> **Assigned task**
Repeat each entry verbatim.

(Records from a collection)

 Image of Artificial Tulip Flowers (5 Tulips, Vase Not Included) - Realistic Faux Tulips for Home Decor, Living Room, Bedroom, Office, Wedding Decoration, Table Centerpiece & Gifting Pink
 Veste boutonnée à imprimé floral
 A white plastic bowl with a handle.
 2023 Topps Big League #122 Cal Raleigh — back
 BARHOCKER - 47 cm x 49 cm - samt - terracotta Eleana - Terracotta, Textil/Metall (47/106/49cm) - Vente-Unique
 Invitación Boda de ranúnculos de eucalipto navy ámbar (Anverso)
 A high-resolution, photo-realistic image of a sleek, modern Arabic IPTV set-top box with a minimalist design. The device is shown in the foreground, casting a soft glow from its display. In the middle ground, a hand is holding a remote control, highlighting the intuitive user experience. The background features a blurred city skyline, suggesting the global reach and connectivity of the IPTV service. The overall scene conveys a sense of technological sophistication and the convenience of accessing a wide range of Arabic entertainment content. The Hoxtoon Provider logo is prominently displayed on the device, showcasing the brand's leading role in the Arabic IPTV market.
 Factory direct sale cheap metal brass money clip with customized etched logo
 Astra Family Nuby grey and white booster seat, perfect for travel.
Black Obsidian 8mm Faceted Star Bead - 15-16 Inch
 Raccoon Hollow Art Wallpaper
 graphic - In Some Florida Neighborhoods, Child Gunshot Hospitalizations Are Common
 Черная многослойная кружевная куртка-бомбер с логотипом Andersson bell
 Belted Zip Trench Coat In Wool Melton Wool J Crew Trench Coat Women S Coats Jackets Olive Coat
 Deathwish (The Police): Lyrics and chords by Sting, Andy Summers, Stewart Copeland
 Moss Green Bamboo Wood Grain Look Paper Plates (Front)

> **Solution**
 Image of Artificial Tulip Flowers (5 Tulips, Vase Not Included) - Realistic Faux Tulips for Home Decor, Living Room, Bedroom, Office, Wedding Decoration, Table Centerpiece & Gifting Pink
 Veste boutonnée à imprimé floral
 A white plastic bowl with a handle.
 2023 Topps Big League #122 Cal Raleigh — back
 BARHOCKER - 47 cm x 49 cm - samt - terracotta Eleana - Terracotta, Textil/Metall (47/106/49cm) - Vente-Unique
 Invitación Boda de ranúnculos de eucalipto navy ámbar (Anverso)
 A high-resolution, photo-realistic image of a sleek, modern Arabic IPTV set-top box with a minimalist design. The device is shown in the foreground, casting a soft glow from its display. In the middle ground, a hand is holding a remote control, highlighting the intuitive user experience. The background features a blurred city skyline, suggesting the global reach and connectivity of the IPTV service. The overall scene conveys a sense of technological sophistication and the convenience of accessing a wide range of Arabic entertainment content. The Hoxtoon Provider logo is prominently displayed on the device, showcasing the brand's leading role in the Arabic IPTV market.
 Factory direct sale cheap metal brass money clip with customized etched logo
 Astra Family Nuby grey and white booster seat, perfect for travel.
Black Obsidian 8mm Faceted Star Bead - 15-16 Inch
 Raccoon Hollow Art Wallpaper
 graphic - In Some Florida Neighborhoods, Child Gunshot Hospitalizations Are Common
 Черная многослойная кружевная куртка-бомбер с логотипом Andersson bell
 Belted Zip Trench Coat In Wool Melton Wool J Crew Trench Coat Women S Coats Jackets Olive Coat
 Deathwish (The Police): Lyrics and chords by Sting, Andy Summers, Stewart Copeland
 Moss Green Bamboo Wood Grain Look Paper Plates (Front)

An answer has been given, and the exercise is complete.